3SIXT Bluetooth Studio Earbuds
Great value, comfortable, good sound
Fiddly charging, ineffective noise cancellation, fall out during some activity
With the advent of the iPhone 7, wireless headphones have taken up a new level of importance in the Apple universe. Many people are questioning whether investing in a wired headset, replete with Apple’s proprietary Lightning connector, is the best option or whether Bluetooth headphones are a more flexible alternative.
3SIXT (three-sixty in case you missed the reference) makes some great Apple accessories such as cases and headphones. Their Bluetooth Studio Earbuds have an interesting design and deliver good sound. They connect via Bluetooth 4.1.
Initial setup was straightforward – Bluetooth has certainly come a long way. Pairing is initiated the first time the Studio Earbuds are activated or by holding the central button on the inline controller for a few seconds.

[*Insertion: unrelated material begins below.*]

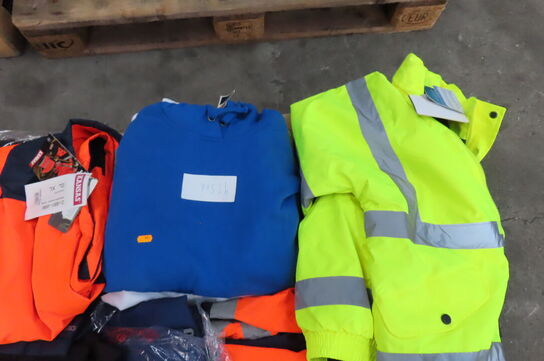 Palle med diverse tøj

The two earpieces are magnetic and stick to each other. When separated, the headphones turn on automatically; reconnect them and they power off. When they’re not used for three minutes they automatically go into stand-by mode. Battery life is rated at several hours and charges via a micro-USB cable.
If you enable the Batteries widget on your iPhone, the Studio Earbuds will report their battery level so you can keep track of when you need to recharge.

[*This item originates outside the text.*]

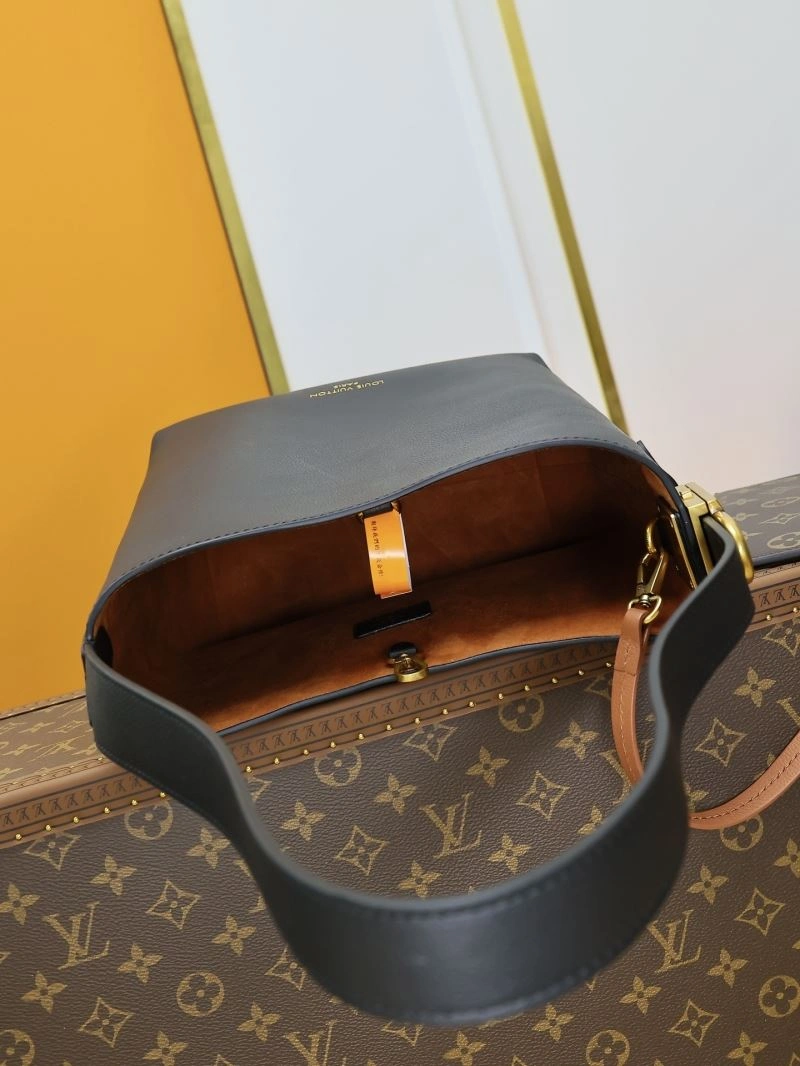 Louis Vuitton Hobo Bags Unisex 93821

The charging port is hidden under a rubber cover and a small door, which were troublesome and I had to pry them open. It’s a small annoyance but one that got on my nerves a little.
The two buds are joined by a thin cable that has an inline controller for play/pause control, volume up and down, and answering calls through the integrated microphone.

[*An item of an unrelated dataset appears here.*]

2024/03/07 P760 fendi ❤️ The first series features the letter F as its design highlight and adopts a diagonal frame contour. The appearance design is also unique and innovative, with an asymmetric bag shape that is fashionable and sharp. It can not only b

The Studio Earbuds weigh just 16 grams and come with five sets of rubber tips of varying sizes, in order to fit various ear canals. These, along with the USB charging cable, fit in a small solid pouch used for carrying the earbuds when they are not required.
I paired the Studio Earbuds with two devices: my iPhone 7 Plus and Apple Watch Series 2.
Sound quality was pretty good but I did find they lacked solid bass response. One of the playlists I loaded to my Apple Watch was some workout music. This is mainly rock music and I found it sounded a little too thin for my liking.
In contrast, the same music through the iPhone 7 Plus was far more to my liking, suggesting that Apple needs to do some work on music output from the Apple Watch.
3SIXT claims the Bluetooth Studio Earbuds use “CVC6.0 noise-cancellation technology”. This is a suite of algorithms for acoustic echo cancellation and noise suppression. I did not find the noise cancellation to be particularly effective. For example, I could hear my fingers tapping on the keyboard while working and wearing the headphones. Low pitched ambient sounds were also audible unless I bumped the volume up.
One of the main uses of wireless headphones is for exercising. I found it very hard to get the Studio Earbuds to stay in place when moving around. It only took a few seconds of running in place or a couple of Jumping Jacks for the buds to fall out. Although they aren’t touted as being specifically designed for use during exercise this is something worth considering.
Macworld Australia‘s buying advice: At under $80, the 3SIXT Bluetooth Studio Earbuds represent great value. They are easy to use, offer great sound quality – assuming your output device pumps out the sound at a reasonable level – and are comfortable.